«Il mio progetto politico non rimane nel cassetto per la contrarietà di una persona sola: c’è tanto sostegno dei cittadini». Al di là delle stucchevole querelle con Beppe Grillo su chi abbia mentito sulla gestazione del nuovo statuto M5S, il fatto politico è chiaro: come previsto Giuseppe Conte va avanti. Non è ancora chiaro se il punto di caduta sarà un’opa sul M5S, suggerita ieri dalla rivolta di molti big contro Grillo, o un partito nuovo di zecca ispirato più o meno agli stessi valori e alleato del Pd.

IL NODO SI SCIOGLIERÀ nei prossimi giorni, ma quello che conta è che l’ex premier ha già dalla sua parte una massa critica per formare dei gruppi parlamentari alla Camera e soprattutto al Senato, embrioni del nuovo soggetto. Resta da capire, e non è un dettaglio da poco, a chi andrà lo storico simbolo del M5S.

«Non può essere la contrarietà di una singola persona a fermare questa proposta politica che ritengo ambiziosa e utile anche per il Paese», insiste Conte. Che torna sui nodi che hanno prodotto lo strappo. «Quando viene chiesta la rappresentanza internazionale, il coordinamento della comunicazione, di condividere tutte le scelte degli organi politici – vicepresidenti, componenti dei comitati – quando finanche viene chiesto di concordare e autorizzare addirittura i contratti allo staff di segreteria, io credo che sia più che una diarchia ed è umiliante», elenca l’avvocato. E replica all’accusa di aver partorito uno statuto seicentesco: «Quella di Beppe era una proposta medievale».

CONTE PARLA SOTTO CASA sua nel centro di Roma. E lancia un paio di avvertimenti all’Elevato: «Ho sempre rispettato e continuerò a rispettare Grillo, ma non dica falsità sul mio conto». E ancora: «Ho agito sempre in trasparenza. Sono pronto a pubblicare lo scambio di mail che ho avuto con lui se mi autorizza». La faida ormai è a un passo dalle carte bollate. Come si evince dalla meticolosità con cui l’avvocato spiega di aver conservato la «fittissima corrispondenza documentale». Insomma, non ci sta a passare per quello che ha cercato col suo avvocatese di fregare l’ex amico.

LA GIORNATA ERA INIZIATA nel segno della rivincita di Conte, dopo che martedì Grillo lo aveva umiliato via blog «(Non ha visione politica, né capacità manageriale»). «Quel post non è una delusione solo per me», aveva spiegato uscendo di casa in mattinata in tenuta da tennis. «Questa svolta autarchica credo sia una mortificazione per un’intera comunità, che io ho conosciuto bene e ho apprezzato, di ragazze e ragazzi, persone adulte, che hanno creduto in certi ideali. È una grande mortificazione per tutti loro».
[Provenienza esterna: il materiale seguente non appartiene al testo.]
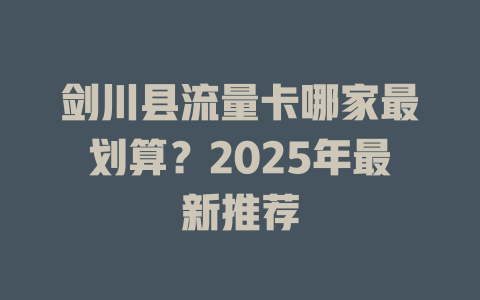 剑川县流量卡哪家最划算？2025年最新推荐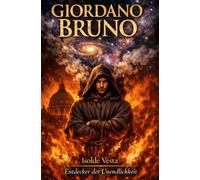 Giordano Bruno - Entdecker der Unendlichkeit: Wer nicht schweigt, muss brennen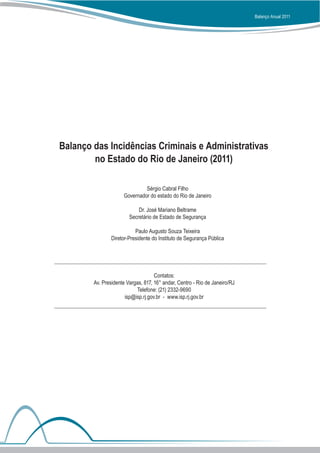 Balanço Anual 2011




Balanço das Incidências Criminais e Administrativas
        no Estado do Rio de Janeiro (2011)

                              Sérgio Cabral Filho
                     Governador do estado do Rio de Janeiro

                            Dr. José Mariano Beltrame
                        Secretário de Estado de Segurança

                           Paulo Augusto Souza Teixeira
                Diretor-Presidente do Instituto de Segurança Pública




                                    Contatos:
        Av. Presidente Vargas, 817, 16° andar, Centro - Rio de Janeiro/RJ
                           Telefone: (21) 2332-9690
                      isp@isp.rj.gov.br - www.isp.rj.gov.br
 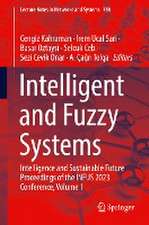 Intelligent and Fuzzy Systems: Intelligence and Sustainable Future Proceedings of the INFUS 2023 Conference, Volume 1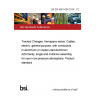 BS EN 4681-006:2019 - TC Tracked Changes. Aerospace series. Cables, electric, general purpose, with conductors in aluminium or copper-clad aluminium AZA family, single and multicore assembly, for use in low pressure atmosphere. Product standard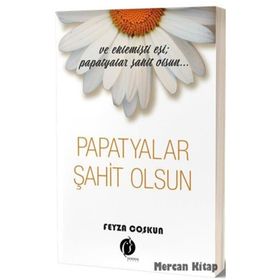 Papatyalar Şahit Olsun - Feyza Coşkun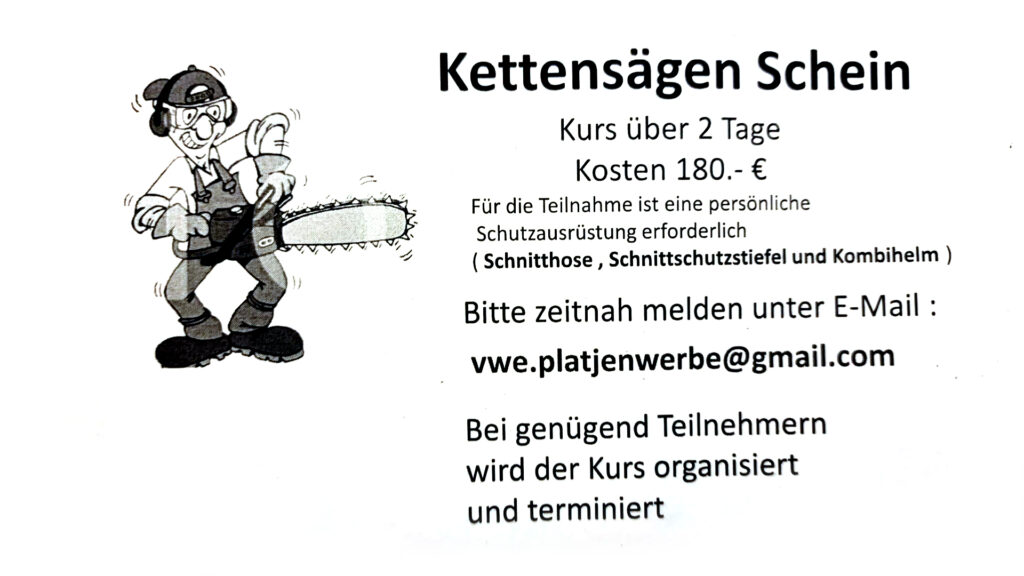 Kettensägen Schein Kurs über 2 Tage Kosten 180.- € Für die Teilnahme ist eine persönliche Schutzausrüstung erforderlich ( Schnitthose, Schnittschutzstiefel und Kombihelm ) Bitte zeitnah melden unter E-Mail : vwe.platjenwerbe@gmail.com Bei genügend Teilnehmern wird der Kurs organisiert und terminiert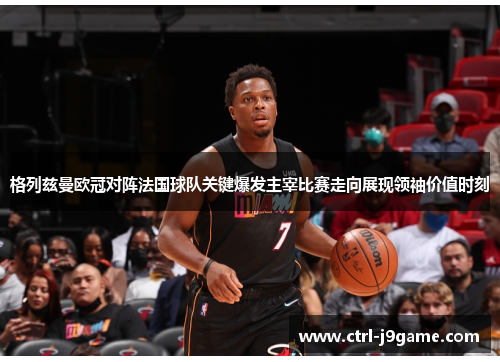 格列兹曼欧冠对阵法国球队关键爆发主宰比赛走向展现领袖价值时刻 格列兹曼欧冠对阵法国球队关键爆发主宰比赛走向展现领袖价值时刻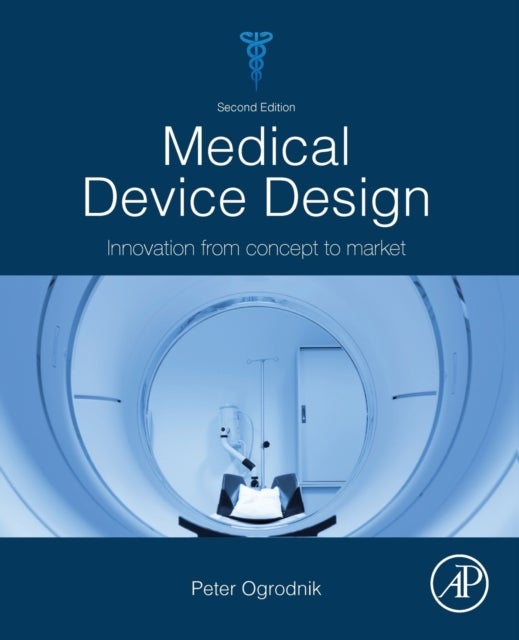 Medical Device Design - Innovation from Concept to Market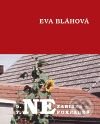 Levně Nezabiješ, nepokradeš - Eva Bláhová - kniha z kategorie Beletria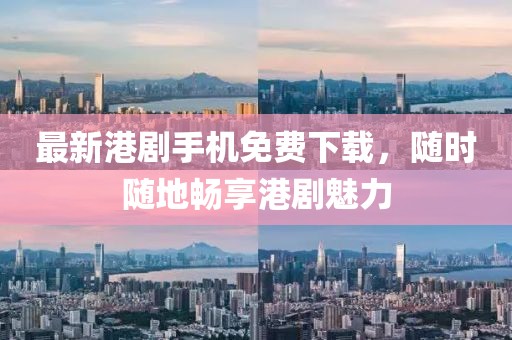 最新港剧手机免费下载，随时随地畅享港剧魅力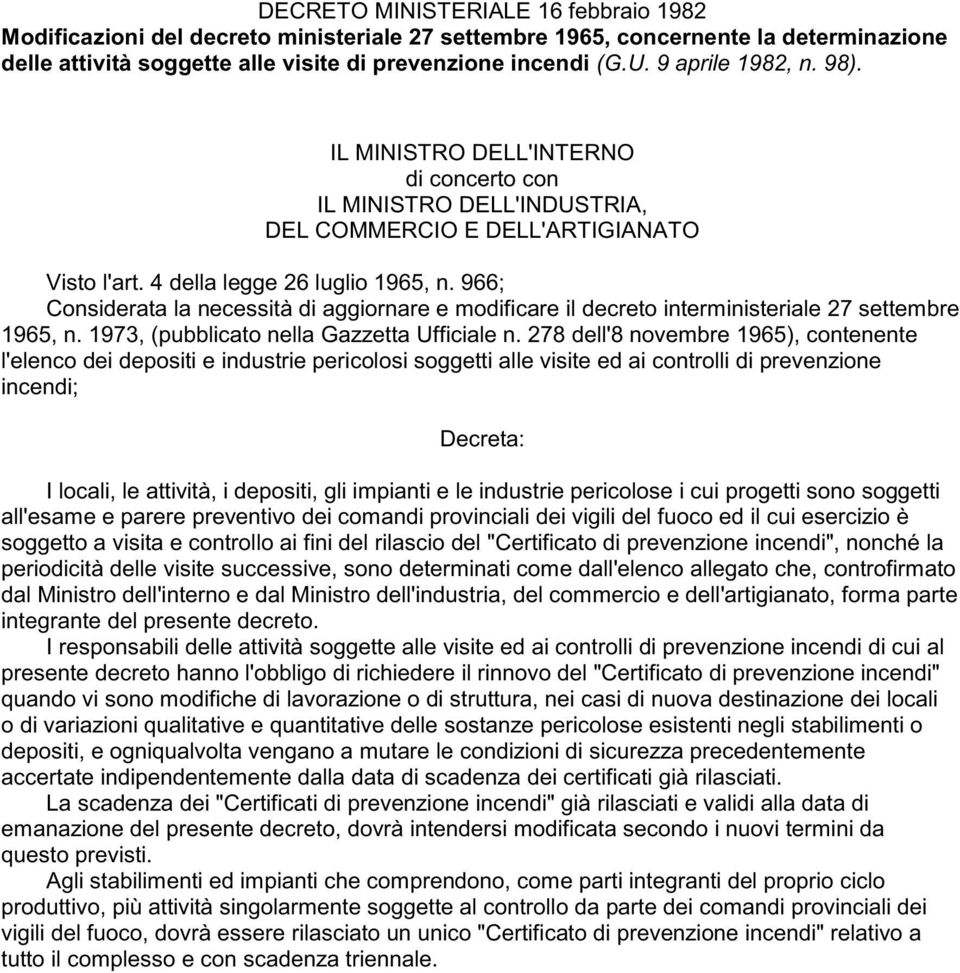 9; Considerata la necessità di aggiornare e modificare il decreto interministeriale 27 settembre 195, n. 197, (pubblicato nella Gazzetta Ufficiale n.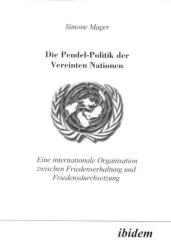 Simone Mager, Die Pendel-Politik der Vereinten Nationen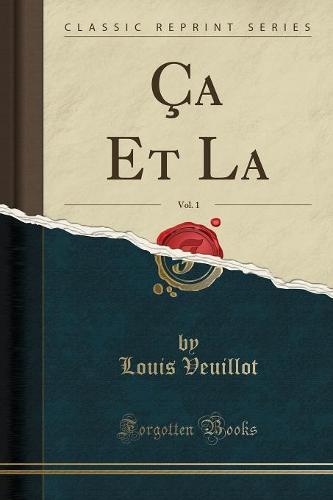 Ca Et La, Vol. 1 (Classic Reprint)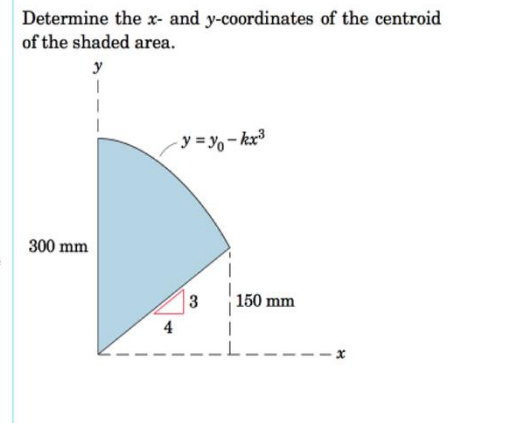 Determine the x- and y-coordinates of the centroid
of the shaded area.
y
- y = Y,- kx³
300 mm
3
150 mm
4
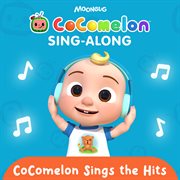 CoComelon Sings the Hits cover image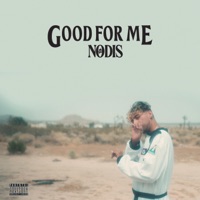 Good For Me - Single - Nodis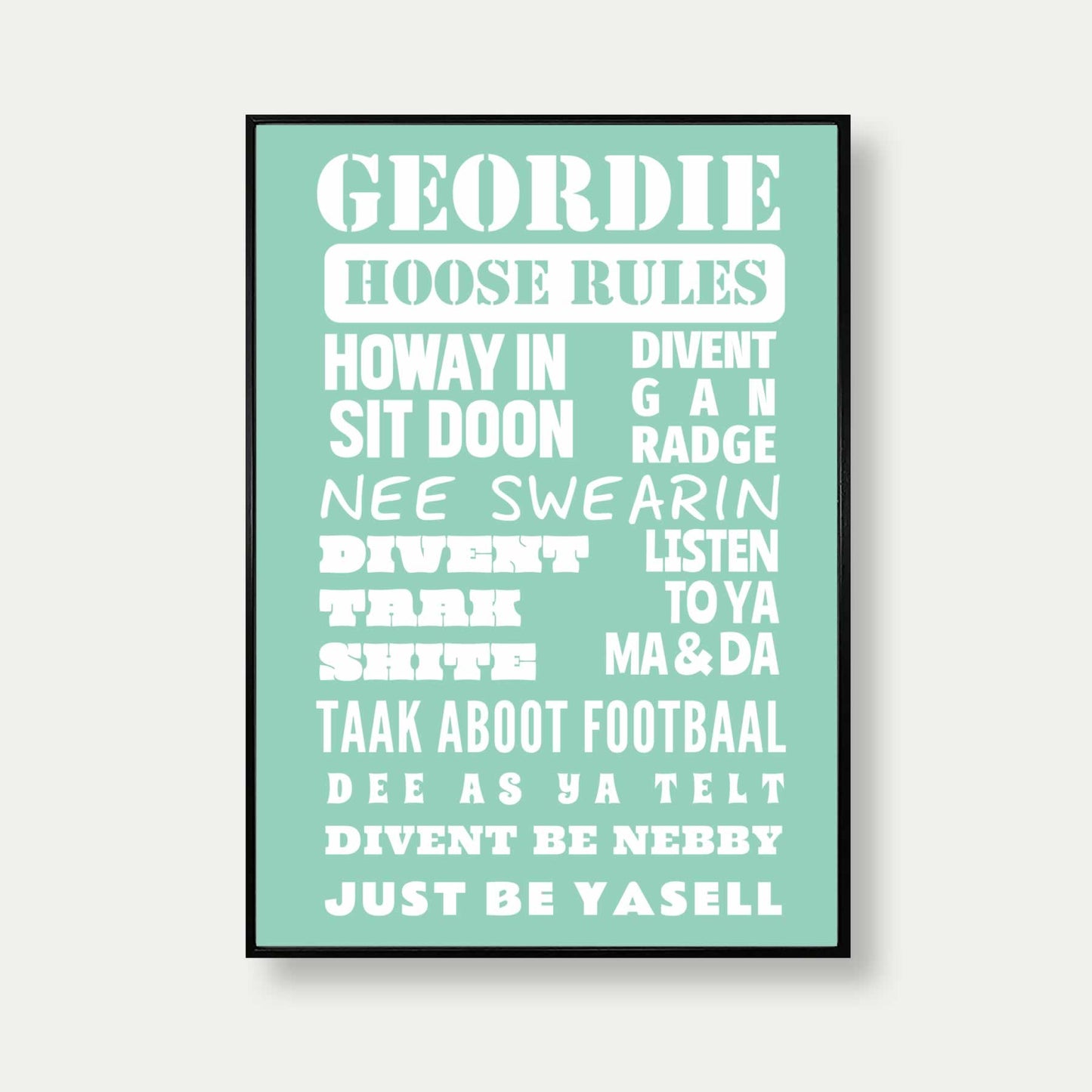 Geordie House Rules Print In Mint Green
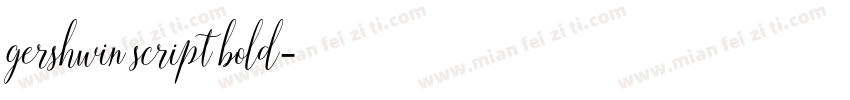 gershwin script bold字体转换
«Se andiamo avanti? Mai indietro», la battuta che lasciava presagire l’annuncio serale. E del resto ieri, per la prima volta dopo tanti addii, espulsioni e mini scissioni, si è visto plasticamente che gran parte del M5S non segue più Grillo. E non condivide il tentativo di cacciare Giuseppi.

NON È ESCLUSO CHE il contropiede di Conte porti Grillo all’isolamento nel Movimento, con una truppa ridotta all’osso. Un rovesciamento di campo che non era prevedibile in questa misura. Con il risultato di arrivare alla votazione degli iscritti sullo statuto e la leadership di Conte sulla nuova piattaforma (come propone Paola Taverna), esattamente quello che il comico aveva escluso lunedì.

In Parlamento è già iniziata la conta sul “chi sta con chi”. In Senato, secondo le prime stime dei fedelissimi dell’avvocato, l’80% dei 75 grillini sostiene Conte. Alla Camera la metà dei 161 deputati, un’ottantina.

IL TOTALE FA CIRCA 140 parlamentari pronti a seguirlo nella nuova avventura. Tra i big si segnalano Paola Taverna, i ministri Stefano Patuanelli e Federico D’Incà, il reggente Vito Crimi, il capigruppo a palazzo Madama Ettore Licheri e il suo predecessore Gianluca Perilli. Più vicino a Grillo, invece, il capogruppo alla Camera Davide Crippa, poi c’è il rebus del non belligerante Luigi Di Maio e di Roberto Fico.

Per loro, così come per Taverna e per D’Incà, sarebbe molto difficile lasciare il M5S. «Il ministro sta lavorando come sempre per l’unità», fa sapere in serata lo staff di Di Maio. Lui e Fico potrebbero, alla fine, far pendere l’ago della bilancia da una parte o dall’altra.